Your objective ::
Once you reach the line containing "Louis Vuitton Pochette" in the data below, restate each line word for word up to and including the one containing "MVP Resistor - Neutron Plastic".

Data supplied ::
+ + + + + + +
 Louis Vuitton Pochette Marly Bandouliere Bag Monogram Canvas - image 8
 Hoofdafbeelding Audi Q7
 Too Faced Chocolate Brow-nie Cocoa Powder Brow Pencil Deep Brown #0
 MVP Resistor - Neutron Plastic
+ + + + + + +
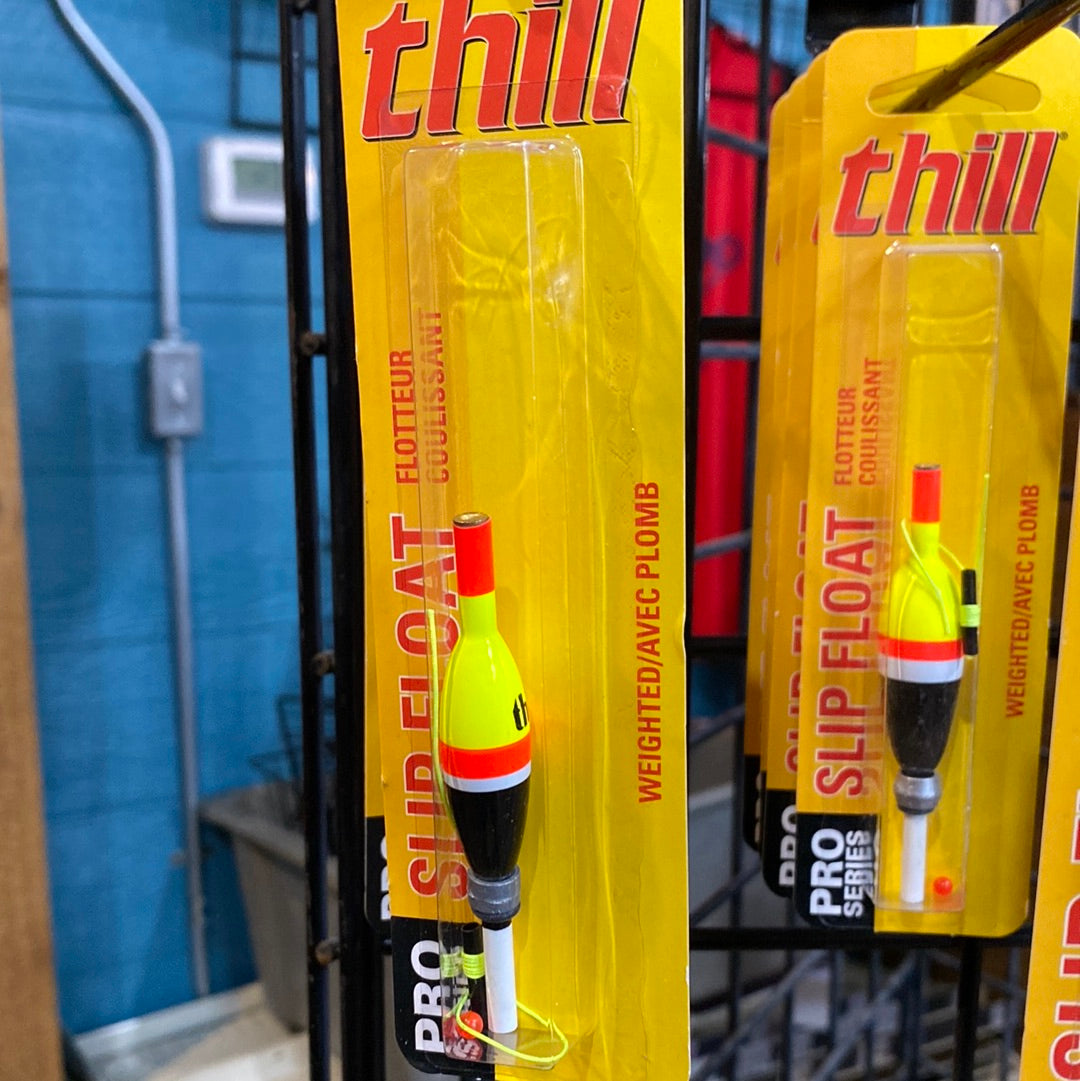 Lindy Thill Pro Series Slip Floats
+ + + + + + +
Answer space ::
 Louis Vuitton Pochette Marly Bandouliere Bag Monogram Canvas - image 8
 Hoofdafbeelding Audi Q7
 Too Faced Chocolate Brow-nie Cocoa Powder Brow Pencil Deep Brown #0
 MVP Resistor - Neutron Plastic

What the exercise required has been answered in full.